September 3, 2012 · Mustapha Hamoui

Annahar’s cartoonist spreads a common fallacy

You’ll be hearing a lot of protesting today from people who are shocked that the law will actually come into effect. This should be expected, and those in support of the ban should be ready for it. After all, this is a big lifestyle change to many people and people don’t like change.

As a supporter of the ban, you’ll be hearing a lot of arguments on why what the government is doing is bad, pointless, evil, or ill-timed. There are many good responses to those arguments, and you can find some of them here. But I want to focus in this post on two arguments:

1- This is about “freedom”

I have no patience for the crass argument that the government is infringing on people’s right to smoke in public, but there’s a more sensible, nuanced and respectable “freedom” argument. It’s the libertarian argument which goes along the lines of: “If people want to kill themselves, they should have the freedom to do it in a place where they don’t hurt anybody else”. This is an argument in support of dedicated cigar lounges and arguileh cafes (it’s also an argument for brothels and porn cinemas, but I digress). One person from the restaurant business made that argument in a comment on a previous post.

My outburst against arguileh cafes notwithstanding, I actually support that argument. I do believe that the law should be amended to accommodate these places. But I think it should be done very carefully, with strict definitions of what arguileh cafes and cigar Lounges are. It should be stated in the law that these places serve very little food. Otherwise we get into loophole galore where each person with a restaurant will call his place an arguileh cafe to get away with breaking the law.

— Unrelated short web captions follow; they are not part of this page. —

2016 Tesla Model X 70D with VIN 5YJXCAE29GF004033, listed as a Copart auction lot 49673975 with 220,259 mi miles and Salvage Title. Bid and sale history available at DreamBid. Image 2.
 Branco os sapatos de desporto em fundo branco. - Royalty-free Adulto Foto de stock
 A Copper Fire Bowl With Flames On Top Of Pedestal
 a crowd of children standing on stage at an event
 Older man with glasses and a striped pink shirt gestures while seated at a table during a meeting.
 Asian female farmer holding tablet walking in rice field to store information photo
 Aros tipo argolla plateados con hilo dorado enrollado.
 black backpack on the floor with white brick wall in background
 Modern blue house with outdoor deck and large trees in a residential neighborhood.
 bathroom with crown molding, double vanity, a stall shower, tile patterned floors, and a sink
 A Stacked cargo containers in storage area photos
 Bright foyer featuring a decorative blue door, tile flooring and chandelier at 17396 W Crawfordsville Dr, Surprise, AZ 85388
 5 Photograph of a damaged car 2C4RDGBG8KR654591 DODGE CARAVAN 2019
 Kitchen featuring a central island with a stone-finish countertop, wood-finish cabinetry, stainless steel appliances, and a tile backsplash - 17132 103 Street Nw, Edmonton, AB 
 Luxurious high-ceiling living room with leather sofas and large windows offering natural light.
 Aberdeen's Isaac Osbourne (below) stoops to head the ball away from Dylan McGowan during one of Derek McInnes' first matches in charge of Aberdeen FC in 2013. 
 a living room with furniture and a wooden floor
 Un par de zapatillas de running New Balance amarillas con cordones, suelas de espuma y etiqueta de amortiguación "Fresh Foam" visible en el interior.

2- The Government should focus instead on the “big issues”

This is the one we hear most often in Lebanon. There are many shades of this argument, and they often have something to do with the Meqdads or Hezbollah’s weapons or the fighting in Tripoli (case in point, the cartoon above). It’s that the government is leaving the big issues of illegal weapons and focusing on the small potatoes of banning smoking. It’s the 3am yet2awoo 3alayna argument.

In the cartoon above, the smoker is portrayed as a small helpless man among large, scary-looking outlaws. But the reality is that smoking kills 3500 people a year in Lebanon, a number far greater than the amount of victims of armed gangs. In other words, while the Meqdads and Hezbollahs get all the publicity and news coverage, smoking is a much bigger and scarier killer of the Lebanese people.

The government did indeed make the right, pragmatic choice on which issue to tackle regarding people’s safety. It has chosen the biggest killer of all.